Top of Provided data
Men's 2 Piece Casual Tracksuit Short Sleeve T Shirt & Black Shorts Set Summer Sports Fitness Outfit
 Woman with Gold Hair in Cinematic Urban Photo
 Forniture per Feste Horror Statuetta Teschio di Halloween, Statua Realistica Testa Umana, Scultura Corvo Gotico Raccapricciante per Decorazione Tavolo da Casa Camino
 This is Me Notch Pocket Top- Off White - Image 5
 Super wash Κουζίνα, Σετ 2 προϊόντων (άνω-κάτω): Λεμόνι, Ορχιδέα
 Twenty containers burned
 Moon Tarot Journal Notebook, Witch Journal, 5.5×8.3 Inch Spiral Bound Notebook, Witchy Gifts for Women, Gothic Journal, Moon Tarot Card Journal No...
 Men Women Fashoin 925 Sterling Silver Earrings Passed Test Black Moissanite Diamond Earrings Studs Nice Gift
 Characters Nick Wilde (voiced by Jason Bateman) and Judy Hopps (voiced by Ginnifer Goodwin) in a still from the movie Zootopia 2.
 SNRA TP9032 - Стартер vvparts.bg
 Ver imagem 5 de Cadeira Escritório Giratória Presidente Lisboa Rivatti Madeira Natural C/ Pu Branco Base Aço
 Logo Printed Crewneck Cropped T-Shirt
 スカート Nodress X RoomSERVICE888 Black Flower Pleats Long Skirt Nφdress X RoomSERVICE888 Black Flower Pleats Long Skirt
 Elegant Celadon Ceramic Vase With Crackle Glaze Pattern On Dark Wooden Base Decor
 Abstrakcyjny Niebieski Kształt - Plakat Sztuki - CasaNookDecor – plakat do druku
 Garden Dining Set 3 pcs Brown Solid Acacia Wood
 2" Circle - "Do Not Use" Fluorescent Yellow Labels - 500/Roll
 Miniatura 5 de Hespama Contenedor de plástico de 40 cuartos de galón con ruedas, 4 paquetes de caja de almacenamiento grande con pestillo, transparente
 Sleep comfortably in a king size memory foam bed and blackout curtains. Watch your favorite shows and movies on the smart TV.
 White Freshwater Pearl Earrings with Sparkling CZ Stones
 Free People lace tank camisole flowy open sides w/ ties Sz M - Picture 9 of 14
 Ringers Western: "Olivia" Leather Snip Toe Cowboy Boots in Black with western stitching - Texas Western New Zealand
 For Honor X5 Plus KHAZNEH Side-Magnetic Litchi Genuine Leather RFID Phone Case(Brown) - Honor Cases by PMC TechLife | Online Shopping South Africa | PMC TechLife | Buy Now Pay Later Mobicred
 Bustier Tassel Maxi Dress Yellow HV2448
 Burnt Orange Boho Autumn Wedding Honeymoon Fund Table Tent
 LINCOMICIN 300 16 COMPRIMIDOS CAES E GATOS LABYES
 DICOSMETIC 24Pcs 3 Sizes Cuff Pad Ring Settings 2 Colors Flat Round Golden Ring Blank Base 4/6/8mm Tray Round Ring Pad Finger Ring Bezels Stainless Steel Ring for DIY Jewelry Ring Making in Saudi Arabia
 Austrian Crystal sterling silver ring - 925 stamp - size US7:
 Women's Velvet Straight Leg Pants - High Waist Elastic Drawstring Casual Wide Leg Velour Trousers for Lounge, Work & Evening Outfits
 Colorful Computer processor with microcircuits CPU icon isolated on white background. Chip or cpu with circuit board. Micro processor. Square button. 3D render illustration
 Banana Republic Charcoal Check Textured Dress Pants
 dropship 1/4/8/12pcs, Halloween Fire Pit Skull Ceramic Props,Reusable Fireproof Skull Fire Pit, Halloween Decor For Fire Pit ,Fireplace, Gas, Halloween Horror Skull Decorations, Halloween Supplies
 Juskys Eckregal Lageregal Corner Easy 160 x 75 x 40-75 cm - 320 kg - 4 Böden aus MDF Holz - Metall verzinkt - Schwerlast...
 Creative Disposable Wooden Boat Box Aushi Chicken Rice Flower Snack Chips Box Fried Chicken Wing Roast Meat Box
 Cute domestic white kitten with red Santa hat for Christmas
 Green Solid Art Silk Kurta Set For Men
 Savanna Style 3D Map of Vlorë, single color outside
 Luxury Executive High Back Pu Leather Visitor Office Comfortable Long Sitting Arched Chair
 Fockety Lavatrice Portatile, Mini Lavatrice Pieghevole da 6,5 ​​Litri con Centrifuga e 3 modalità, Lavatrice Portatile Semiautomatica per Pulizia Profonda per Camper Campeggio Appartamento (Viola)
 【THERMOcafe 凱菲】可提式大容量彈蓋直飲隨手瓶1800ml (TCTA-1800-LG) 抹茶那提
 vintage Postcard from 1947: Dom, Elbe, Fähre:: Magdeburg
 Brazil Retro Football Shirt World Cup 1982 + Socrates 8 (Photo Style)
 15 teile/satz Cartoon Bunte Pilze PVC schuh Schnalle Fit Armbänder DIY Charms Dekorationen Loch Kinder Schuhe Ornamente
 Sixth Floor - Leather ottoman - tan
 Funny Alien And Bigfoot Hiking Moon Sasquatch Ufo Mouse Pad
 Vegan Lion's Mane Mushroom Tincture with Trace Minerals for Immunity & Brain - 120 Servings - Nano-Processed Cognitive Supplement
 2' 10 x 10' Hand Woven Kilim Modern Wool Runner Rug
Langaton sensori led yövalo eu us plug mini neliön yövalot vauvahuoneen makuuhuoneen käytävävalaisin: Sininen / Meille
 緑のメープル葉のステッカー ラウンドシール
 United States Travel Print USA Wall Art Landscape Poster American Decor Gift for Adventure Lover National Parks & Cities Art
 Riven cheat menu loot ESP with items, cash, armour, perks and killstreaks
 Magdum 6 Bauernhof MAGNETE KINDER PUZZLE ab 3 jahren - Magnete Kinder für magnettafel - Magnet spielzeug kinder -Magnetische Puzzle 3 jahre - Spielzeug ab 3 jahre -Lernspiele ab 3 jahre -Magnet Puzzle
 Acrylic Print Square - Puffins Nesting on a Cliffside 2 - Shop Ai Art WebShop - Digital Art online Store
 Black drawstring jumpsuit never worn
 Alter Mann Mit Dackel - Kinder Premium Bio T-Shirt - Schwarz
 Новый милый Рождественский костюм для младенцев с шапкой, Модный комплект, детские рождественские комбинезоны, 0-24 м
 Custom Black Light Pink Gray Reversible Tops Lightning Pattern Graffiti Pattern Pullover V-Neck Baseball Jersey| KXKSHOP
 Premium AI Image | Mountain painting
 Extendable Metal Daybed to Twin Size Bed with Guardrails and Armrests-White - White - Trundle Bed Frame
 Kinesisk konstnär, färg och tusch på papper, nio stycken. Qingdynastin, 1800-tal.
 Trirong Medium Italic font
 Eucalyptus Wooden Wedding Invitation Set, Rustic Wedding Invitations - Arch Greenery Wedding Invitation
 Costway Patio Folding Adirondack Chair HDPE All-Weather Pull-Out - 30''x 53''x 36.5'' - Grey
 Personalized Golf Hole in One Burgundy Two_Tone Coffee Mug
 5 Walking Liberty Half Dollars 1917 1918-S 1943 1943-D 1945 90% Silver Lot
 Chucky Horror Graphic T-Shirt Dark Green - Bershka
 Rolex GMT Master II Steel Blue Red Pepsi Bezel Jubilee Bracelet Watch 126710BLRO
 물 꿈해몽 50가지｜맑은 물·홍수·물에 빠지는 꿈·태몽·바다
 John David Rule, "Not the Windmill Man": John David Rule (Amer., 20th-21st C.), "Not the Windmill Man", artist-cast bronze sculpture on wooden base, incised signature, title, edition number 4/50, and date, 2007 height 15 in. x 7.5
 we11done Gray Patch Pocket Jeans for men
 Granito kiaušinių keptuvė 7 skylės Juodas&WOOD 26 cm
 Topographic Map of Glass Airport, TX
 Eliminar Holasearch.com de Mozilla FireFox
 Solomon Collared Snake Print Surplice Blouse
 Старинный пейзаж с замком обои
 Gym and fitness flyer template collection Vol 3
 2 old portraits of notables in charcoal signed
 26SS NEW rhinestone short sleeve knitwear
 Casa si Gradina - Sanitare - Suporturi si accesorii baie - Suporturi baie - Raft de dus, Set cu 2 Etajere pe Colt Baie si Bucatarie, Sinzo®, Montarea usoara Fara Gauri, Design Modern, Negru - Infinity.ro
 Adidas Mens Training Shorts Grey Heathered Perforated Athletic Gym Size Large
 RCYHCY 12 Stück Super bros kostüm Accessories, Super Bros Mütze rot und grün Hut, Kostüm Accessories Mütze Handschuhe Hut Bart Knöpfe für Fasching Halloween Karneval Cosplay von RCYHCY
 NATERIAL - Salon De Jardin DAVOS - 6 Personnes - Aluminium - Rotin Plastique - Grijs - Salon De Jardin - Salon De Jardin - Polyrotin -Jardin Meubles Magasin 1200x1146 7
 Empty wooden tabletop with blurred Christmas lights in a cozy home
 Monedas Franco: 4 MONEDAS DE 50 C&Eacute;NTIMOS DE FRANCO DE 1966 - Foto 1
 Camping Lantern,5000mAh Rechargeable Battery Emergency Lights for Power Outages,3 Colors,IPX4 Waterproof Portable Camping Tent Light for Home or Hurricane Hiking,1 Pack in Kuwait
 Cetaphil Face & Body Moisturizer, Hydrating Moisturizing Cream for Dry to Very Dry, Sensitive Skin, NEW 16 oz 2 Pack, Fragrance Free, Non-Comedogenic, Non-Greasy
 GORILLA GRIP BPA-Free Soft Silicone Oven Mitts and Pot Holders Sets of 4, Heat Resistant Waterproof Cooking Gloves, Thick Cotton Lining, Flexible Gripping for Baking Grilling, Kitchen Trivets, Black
Bottom of Provided data
> _About this exercise_
Beginning with the line above that contains "Elegant Celadon Ceramic", copy each line exactly up to and including the line that contains "Garden Dining Set", and go no further.

> _Task output_
 Elegant Celadon Ceramic Vase With Crackle Glaze Pattern On Dark Wooden Base Decor
 Abstrakcyjny Niebieski Kształt - Plakat Sztuki - CasaNookDecor – plakat do druku
 Garden Dining Set 3 pcs Brown Solid Acacia Wood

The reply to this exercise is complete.